To format strings to occupy a field of fixed width, you'll either need to truncate them if they're too long or pad them with blanks if they're too short. The string functions you need are listed in Display 10.11 on pg. 650. The important length() function you need is omitted there. For a string s, use s.length() to return the length as an integer. Write yourself a function pad(string &s, int n) that contains the appropriate for loop and adds blanks with the assignment statement: s += ' ';
To read database records, a clean approach is to read in the exact number of characters you want, which can be done using the following function, similar to getline:
// Prototype
istream & getBytes( istream & in, string & str, int count );
// Function definition
istream & getBytes( istream & in, string & str, int count )
{
char ch;
str = ""; // empty string, will build one char at-a-time
int num = 0;
while( in.get( ch ) && num < count )
{str += ch;
num++;
}
return in;
}
An example of the use of this function is:
void main()
{
string inString;
// open and position the file, etc., with stream fin.
// [omitted]
getBytes(fin, inString, 136);
cout << inString << endl; // will show what you read
}
Once you've read in the entire record to a string, you should create substrings of it, and where necessary, read from them using an input string stream (see the U. Mich notes). Substring creation is described in your textbook, pgs. 919-920. There is a direct way to convert strings to numbers, also described in the textbook, pg. 919. But note that these functions require cstrings, so you'll need to use c_str() on pg. 650.
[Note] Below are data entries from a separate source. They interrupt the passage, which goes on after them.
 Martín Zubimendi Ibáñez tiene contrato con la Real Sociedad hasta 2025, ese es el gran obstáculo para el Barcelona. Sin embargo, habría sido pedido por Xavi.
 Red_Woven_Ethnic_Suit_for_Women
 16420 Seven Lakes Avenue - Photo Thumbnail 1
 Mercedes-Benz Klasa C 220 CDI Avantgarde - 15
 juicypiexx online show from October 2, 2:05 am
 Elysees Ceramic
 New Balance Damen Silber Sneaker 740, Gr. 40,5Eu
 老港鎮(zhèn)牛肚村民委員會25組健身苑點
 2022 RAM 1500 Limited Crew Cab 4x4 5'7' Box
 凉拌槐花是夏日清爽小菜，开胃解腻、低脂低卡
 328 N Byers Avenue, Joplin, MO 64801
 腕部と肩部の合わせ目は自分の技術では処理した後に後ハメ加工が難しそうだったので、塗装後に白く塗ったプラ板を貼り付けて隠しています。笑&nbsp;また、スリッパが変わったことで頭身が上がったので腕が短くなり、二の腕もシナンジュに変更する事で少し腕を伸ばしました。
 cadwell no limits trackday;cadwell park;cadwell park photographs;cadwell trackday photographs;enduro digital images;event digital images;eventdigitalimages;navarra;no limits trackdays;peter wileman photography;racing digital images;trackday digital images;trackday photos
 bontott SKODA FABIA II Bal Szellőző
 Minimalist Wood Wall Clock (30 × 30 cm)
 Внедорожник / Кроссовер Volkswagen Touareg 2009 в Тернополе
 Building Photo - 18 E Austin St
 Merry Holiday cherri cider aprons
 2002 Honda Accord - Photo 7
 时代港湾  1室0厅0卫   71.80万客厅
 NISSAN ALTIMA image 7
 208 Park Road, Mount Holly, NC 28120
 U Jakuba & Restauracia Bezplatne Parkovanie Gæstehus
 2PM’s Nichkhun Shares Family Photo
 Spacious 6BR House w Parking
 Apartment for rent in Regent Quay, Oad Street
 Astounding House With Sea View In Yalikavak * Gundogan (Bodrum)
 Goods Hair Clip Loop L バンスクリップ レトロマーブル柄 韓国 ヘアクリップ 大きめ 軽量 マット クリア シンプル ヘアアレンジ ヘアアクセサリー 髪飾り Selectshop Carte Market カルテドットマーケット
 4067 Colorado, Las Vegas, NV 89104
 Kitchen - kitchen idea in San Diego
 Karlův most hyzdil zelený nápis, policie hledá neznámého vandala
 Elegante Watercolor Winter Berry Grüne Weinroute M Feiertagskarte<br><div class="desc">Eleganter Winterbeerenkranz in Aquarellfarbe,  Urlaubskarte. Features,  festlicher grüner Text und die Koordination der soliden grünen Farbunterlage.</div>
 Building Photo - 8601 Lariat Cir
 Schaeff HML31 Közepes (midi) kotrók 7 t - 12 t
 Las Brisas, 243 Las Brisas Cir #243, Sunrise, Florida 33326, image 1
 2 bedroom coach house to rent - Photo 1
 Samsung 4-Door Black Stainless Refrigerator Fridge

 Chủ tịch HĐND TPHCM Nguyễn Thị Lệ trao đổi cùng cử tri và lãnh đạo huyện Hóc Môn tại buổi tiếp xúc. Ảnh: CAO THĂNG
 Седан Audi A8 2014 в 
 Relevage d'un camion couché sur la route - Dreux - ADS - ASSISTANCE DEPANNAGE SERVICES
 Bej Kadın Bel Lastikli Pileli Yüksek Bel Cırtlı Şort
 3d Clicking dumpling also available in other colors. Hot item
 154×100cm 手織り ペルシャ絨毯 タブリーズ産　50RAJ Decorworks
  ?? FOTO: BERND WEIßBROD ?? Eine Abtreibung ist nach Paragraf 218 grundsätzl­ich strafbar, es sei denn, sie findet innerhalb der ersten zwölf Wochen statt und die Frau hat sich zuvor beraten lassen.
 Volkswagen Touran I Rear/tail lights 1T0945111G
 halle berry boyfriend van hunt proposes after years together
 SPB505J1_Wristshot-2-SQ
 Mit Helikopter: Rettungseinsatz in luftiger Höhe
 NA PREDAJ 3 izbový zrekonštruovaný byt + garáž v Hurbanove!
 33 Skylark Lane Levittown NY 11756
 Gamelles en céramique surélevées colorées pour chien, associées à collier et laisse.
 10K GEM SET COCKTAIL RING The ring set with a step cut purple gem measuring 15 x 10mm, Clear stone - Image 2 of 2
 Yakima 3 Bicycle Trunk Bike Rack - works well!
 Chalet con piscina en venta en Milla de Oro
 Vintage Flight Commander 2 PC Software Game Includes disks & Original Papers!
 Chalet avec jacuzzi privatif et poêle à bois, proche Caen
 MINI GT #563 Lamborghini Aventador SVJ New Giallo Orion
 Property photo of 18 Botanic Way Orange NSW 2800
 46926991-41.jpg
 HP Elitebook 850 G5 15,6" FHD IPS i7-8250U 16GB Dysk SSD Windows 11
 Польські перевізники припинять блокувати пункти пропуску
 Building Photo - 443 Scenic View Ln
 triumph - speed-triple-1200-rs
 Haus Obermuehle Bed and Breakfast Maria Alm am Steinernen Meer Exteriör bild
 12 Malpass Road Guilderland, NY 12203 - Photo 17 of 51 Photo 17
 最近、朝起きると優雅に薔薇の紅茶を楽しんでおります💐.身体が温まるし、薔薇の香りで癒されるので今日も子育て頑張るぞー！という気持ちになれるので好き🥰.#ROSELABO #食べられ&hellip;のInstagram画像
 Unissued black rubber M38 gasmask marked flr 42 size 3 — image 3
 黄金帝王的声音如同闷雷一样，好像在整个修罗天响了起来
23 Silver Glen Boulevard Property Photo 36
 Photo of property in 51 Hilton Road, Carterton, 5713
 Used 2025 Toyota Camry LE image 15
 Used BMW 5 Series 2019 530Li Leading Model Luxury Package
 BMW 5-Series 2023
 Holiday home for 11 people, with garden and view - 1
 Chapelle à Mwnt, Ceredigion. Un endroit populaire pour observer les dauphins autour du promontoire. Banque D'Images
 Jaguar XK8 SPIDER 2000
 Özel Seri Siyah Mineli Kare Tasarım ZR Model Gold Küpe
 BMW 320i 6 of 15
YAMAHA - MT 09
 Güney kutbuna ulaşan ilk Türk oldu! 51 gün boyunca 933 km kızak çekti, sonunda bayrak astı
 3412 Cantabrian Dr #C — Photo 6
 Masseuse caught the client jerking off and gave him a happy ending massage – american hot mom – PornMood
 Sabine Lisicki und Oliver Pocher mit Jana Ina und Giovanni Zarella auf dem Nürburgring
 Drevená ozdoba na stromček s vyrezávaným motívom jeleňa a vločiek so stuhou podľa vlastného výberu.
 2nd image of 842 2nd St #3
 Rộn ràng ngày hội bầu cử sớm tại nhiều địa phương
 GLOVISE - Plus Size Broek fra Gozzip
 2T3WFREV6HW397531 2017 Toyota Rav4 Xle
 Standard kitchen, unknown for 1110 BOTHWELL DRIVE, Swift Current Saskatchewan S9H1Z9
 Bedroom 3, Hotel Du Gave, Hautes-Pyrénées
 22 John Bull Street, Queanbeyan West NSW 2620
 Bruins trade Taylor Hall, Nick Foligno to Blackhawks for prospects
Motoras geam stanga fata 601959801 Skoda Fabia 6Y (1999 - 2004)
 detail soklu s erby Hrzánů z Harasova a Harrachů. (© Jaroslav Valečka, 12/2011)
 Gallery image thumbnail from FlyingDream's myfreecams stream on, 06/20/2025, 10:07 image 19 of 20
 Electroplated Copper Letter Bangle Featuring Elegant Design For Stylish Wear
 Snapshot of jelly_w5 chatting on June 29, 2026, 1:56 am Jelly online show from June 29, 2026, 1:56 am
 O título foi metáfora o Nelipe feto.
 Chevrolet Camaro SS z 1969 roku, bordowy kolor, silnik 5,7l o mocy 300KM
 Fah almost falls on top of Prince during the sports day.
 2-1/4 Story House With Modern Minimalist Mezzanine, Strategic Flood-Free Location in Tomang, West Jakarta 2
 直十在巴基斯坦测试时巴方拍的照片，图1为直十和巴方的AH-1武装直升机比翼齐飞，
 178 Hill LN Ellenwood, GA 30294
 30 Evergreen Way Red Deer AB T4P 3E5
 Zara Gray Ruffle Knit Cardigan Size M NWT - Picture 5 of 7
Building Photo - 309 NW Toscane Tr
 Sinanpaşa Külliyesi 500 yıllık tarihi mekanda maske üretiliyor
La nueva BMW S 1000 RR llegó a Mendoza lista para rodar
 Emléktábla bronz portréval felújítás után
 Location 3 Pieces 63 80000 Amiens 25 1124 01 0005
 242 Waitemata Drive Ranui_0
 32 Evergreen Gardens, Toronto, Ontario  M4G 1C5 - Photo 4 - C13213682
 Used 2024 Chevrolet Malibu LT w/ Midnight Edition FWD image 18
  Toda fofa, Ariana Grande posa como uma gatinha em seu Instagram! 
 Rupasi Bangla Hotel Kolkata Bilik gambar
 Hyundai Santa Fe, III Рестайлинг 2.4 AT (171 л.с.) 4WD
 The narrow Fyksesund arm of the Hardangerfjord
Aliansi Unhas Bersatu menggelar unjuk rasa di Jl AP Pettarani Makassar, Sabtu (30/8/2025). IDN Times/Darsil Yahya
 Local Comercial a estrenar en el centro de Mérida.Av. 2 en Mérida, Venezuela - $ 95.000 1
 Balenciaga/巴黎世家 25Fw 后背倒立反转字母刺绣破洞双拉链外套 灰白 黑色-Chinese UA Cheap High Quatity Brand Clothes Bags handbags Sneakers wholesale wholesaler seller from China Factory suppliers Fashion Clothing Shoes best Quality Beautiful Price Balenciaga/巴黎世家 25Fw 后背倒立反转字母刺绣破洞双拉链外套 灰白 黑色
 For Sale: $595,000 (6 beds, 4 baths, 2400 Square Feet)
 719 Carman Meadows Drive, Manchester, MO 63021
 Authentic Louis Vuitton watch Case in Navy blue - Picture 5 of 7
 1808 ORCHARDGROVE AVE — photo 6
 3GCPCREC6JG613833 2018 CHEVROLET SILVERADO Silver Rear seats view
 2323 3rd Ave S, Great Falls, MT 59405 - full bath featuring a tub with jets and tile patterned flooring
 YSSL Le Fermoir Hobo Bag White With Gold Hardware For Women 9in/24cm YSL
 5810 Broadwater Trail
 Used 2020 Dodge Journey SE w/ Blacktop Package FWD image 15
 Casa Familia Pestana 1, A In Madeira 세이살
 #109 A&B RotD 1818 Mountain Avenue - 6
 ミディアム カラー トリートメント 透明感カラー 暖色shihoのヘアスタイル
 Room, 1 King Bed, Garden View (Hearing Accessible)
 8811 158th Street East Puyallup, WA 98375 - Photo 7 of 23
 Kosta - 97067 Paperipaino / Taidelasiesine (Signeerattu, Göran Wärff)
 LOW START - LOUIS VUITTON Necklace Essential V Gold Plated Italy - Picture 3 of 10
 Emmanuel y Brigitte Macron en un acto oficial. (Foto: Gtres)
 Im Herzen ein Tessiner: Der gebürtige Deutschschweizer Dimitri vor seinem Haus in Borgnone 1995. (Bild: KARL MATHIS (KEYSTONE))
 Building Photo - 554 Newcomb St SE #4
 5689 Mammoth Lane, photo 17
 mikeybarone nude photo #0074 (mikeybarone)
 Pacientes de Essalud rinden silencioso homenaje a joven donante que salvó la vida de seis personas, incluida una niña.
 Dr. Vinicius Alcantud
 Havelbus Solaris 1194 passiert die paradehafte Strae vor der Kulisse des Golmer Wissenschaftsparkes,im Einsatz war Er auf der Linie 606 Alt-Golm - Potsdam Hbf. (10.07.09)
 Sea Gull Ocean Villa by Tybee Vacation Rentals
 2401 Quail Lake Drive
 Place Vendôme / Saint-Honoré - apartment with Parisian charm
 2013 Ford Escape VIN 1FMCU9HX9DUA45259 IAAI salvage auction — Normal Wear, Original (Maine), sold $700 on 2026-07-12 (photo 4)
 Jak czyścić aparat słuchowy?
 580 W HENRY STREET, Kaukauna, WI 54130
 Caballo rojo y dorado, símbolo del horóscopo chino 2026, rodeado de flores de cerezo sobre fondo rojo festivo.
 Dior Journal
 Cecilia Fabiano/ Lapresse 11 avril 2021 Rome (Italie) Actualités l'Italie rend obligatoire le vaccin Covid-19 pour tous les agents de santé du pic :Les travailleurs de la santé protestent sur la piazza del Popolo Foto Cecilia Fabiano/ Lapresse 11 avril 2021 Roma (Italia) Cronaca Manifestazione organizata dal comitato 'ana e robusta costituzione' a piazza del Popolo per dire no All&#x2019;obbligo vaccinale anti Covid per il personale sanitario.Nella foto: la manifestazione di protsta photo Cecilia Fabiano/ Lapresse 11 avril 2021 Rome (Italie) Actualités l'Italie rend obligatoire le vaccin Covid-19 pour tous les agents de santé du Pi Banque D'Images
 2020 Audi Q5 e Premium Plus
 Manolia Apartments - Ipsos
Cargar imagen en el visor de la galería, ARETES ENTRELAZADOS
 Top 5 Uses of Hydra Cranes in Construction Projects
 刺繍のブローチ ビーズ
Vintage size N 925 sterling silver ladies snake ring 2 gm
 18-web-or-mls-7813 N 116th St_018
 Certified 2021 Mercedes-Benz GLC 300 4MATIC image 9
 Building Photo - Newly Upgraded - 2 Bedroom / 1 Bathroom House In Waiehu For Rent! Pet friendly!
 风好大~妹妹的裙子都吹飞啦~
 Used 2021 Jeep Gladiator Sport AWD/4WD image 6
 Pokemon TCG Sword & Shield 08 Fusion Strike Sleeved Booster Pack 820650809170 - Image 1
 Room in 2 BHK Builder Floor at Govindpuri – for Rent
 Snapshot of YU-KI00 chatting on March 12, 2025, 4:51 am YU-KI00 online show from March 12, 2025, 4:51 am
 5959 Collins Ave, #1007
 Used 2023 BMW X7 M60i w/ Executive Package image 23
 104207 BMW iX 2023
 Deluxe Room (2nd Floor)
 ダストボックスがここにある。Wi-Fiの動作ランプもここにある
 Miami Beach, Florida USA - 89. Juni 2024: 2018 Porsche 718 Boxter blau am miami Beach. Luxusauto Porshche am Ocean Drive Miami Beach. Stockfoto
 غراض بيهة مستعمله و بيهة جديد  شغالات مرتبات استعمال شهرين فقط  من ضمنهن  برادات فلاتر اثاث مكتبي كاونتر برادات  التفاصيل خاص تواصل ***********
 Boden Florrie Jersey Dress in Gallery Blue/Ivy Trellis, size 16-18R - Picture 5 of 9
I used the following includes:
#include <iostream> #include <fstream> #include <string> #include <sstream> #include <iomanip>
I used c_str() to exract the C-string from a string variable to give the form that the file-open commands need (text pg. 650).
If you want to read in just part of a record, you could define a function that will seek to the proper position in the field of a record and then read only the number of bytes for that field, e.g.,
void getFileField(istream & in, string &str, int pos, int count)
I used constants such as FLOAT_LEN for the field and record sizes and float precision.
And of course, I defined functions such as the following to write fields to a string stream. These functions can use the known widths (global constants) as well as the I/O manipulators, to write the correct number of characters.
void addInt(stringstream& s, int oneInt)
I used simple arrays to keep the values I'd need for the various fields. For example, for the floats I used:
float floats[] = {1.1, 22.22, 333.333};
After reading in an entire record with getBytes(), as as a string, I used the substr() function (pg. 650) to extract the portion I needed and then used the str() function to convert it to a string stream and then read from that into a variable of the correct type. So if the string fieldBuff holds the field I want, e.g, " 547", then the following would get that string into an integer variable, intField, using the string stream s:
s.str(fieldBuff); s >> intField;
Warning: The string stream must be reset before you read from it again, using s.clear();. This is because a string stream is a stream, just like a file stream and must be dealt with accordingly. It is much more than just another type of string.